While many were celebrating Lebron James’ triumphant return to Cleveland last Friday, July 11, some music aficionados enjoyed folk rock at the Grog Shop.
Opening musician, Max Sollisch, who performs as Dolfish, is a Cleveland Heights native who recently moved back to Cleveland after a stay in Columbus. Since his return he’s been seen at the Grog Shop and other local venues, such as the Bottlehouse, and made an appearance at the Short. Sweet. Film Fest.
Dolfish set the folk mood with strong picking and heavy lyrics. Even though Sollisch mentioned that all of his songs were sad, he is a rather cheerful person on stage.
Without question, Dolfish is a natural storyteller and gave great insights to many of his songs throughout the set, which included anecdotes about working with an elderly security guard named Jack, or about his guilt upon buying a foreclosed home, knowing that this caused someone to lose theirs.
As mellow songs poured from the stage, Dolfish often sang about Cleveland as he tapped a tambourine with his foot. Dolfish performed one of his title songs, “Your Love is Bummin’ Me Out,” a sad and mildly comical tune.
Following Dolfish, Traveling was a more rock/pop type band made up of three members from Bloomington, Indiana. Their songs ranged from dreams about the apocalypse to traveling west and drinking lots of coffee.
Traveling’s songs “Idealist Temperament” and “Future Ghosts” were the right balance of deep lyrics and fun pop rock, which brightened the mood in the Grog Shop.
After Traveling, the headlining band, Saintseneca, took the stage as several friends and family members of the band cheered. Saintseneca hails from Columbus, Ohio and frequently performs in Cleveland.
Lead singer-songwriter and creator of the band, Zac Little, originally hails from the rural hills of Appalachia, where his isolation shaped his introspective and reflective lyrics.
Little began the set with a short solo, which blended into the five-member band rocking out. Loud, folk, rock music filled the Grog Shop as the audience truly began to come to life. Audience members often called out to their friends onstage throughout the set, which added a personal touch to the performance.

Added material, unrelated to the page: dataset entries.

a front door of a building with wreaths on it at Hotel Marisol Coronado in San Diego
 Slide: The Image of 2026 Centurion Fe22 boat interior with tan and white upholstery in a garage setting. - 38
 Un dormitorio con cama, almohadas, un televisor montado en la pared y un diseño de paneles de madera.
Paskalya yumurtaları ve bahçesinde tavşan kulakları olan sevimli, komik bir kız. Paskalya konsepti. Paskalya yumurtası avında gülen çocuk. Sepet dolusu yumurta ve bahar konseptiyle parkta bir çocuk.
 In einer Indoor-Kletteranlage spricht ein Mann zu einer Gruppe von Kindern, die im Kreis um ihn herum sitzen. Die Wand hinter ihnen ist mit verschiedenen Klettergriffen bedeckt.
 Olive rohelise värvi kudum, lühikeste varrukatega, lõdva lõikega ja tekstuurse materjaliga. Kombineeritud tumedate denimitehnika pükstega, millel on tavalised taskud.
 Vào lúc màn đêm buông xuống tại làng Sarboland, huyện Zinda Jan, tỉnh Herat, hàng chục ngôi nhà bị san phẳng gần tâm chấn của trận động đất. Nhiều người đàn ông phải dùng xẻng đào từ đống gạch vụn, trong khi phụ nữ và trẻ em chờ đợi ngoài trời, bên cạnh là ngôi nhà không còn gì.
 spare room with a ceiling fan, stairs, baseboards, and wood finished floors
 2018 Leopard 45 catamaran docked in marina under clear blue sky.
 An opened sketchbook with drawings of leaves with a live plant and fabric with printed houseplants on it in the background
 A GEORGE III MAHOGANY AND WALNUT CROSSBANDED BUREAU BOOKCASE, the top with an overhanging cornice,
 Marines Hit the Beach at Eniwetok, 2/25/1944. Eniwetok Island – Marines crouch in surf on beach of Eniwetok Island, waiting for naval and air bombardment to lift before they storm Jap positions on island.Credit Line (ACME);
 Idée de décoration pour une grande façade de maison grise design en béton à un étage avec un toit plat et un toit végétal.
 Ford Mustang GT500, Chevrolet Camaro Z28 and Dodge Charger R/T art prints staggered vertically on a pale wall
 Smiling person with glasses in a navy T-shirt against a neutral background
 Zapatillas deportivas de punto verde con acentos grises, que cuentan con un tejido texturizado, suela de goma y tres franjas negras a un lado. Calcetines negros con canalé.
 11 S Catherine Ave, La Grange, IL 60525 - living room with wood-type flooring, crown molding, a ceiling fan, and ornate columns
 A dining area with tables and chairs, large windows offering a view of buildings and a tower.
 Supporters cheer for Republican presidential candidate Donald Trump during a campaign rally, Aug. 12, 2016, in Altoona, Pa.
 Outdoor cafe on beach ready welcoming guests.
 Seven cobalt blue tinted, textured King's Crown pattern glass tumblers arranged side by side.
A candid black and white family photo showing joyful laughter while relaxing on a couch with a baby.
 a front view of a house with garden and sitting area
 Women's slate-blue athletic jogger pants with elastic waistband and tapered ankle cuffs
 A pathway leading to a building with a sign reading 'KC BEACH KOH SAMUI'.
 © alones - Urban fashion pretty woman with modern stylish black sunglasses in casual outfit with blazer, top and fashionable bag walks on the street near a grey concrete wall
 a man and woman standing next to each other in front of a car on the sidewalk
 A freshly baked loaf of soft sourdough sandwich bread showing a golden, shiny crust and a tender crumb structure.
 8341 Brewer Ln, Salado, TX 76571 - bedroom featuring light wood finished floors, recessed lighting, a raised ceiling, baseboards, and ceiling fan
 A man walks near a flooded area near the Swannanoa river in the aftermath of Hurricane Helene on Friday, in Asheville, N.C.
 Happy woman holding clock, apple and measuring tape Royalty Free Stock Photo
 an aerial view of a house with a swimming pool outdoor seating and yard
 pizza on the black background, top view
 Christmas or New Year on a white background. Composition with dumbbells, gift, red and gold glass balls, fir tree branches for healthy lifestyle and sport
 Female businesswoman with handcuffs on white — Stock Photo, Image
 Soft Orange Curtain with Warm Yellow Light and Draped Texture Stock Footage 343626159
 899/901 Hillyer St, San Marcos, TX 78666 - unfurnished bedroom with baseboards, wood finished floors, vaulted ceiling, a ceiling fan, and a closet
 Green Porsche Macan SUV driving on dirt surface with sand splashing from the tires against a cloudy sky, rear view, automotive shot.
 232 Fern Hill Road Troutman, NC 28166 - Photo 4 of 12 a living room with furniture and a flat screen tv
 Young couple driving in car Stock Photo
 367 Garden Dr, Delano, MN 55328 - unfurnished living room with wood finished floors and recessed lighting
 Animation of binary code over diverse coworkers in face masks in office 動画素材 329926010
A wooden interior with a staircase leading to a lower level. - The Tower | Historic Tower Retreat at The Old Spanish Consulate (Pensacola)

With the start of each song, band members often swapped instruments with each other, delivering personal solos and then following them up with larger-than-life folk rock. I was constantly engaged, not knowing what to expect from one song to the next.
Little did not partake in much storytelling, but other band members could not help but toss jokes about Lebron James returning to Cleveland, or throwing thanks to the audience for spending time at the Grog Shop on such a festive evening.
After immense applause Little returned on stage when Saintseneca finished their set. Little performed a chilling solo and then the band returned to finish the night with their title song, “Happy Alone.” Heavy instrumentals and jamming ensued.
While many of us were excited for Cleveland sports that night, there is no question that Cleveland has a growing music scene with both wonderful local and national acts gracing the stage.